» Data provided

_ _ _ _ _

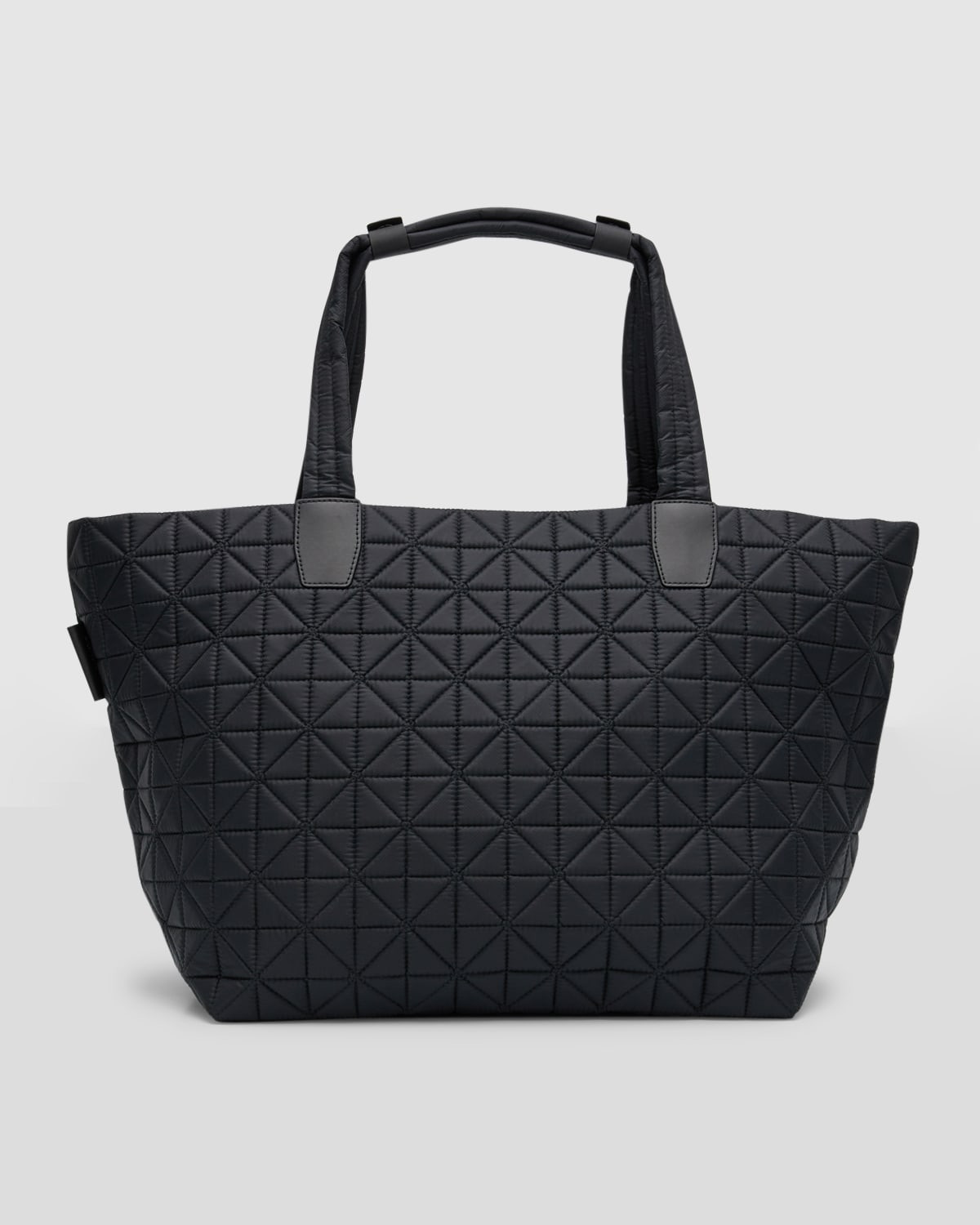 Medium Quilted Nylon Tote Bag | Neiman Marcus
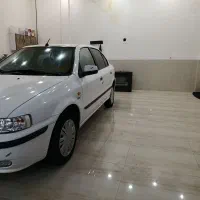 سمند ef7دوگانه کارخانه مدل ۹۶خشک کارخانه|خودرو سواری و وانت|بوکان, |دیوار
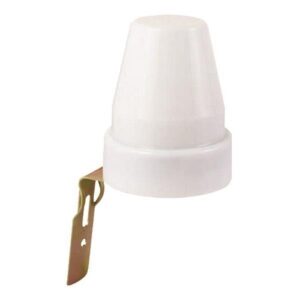 Senzor/intrerupator crepuscular 10A, 240V, IP44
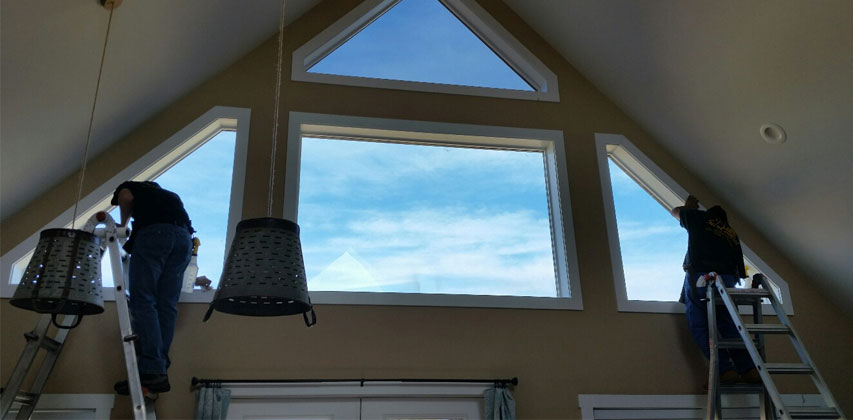 M & S Sun Control in Virginia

_ _ _ _ _

» Your objective
Would you reproduce the listing above in full and exactly, without its pictures?

» Exercise response
 Medium Quilted Nylon Tote Bag | Neiman Marcus
 سمند ef7دوگانه کارخانه مدل ۹۶خشک کارخانه|خودرو سواری و وانت|بوکان, |دیوار
 Senzor/intrerupator crepuscular 10A, 240V, IP44
 M & S Sun Control in Virginia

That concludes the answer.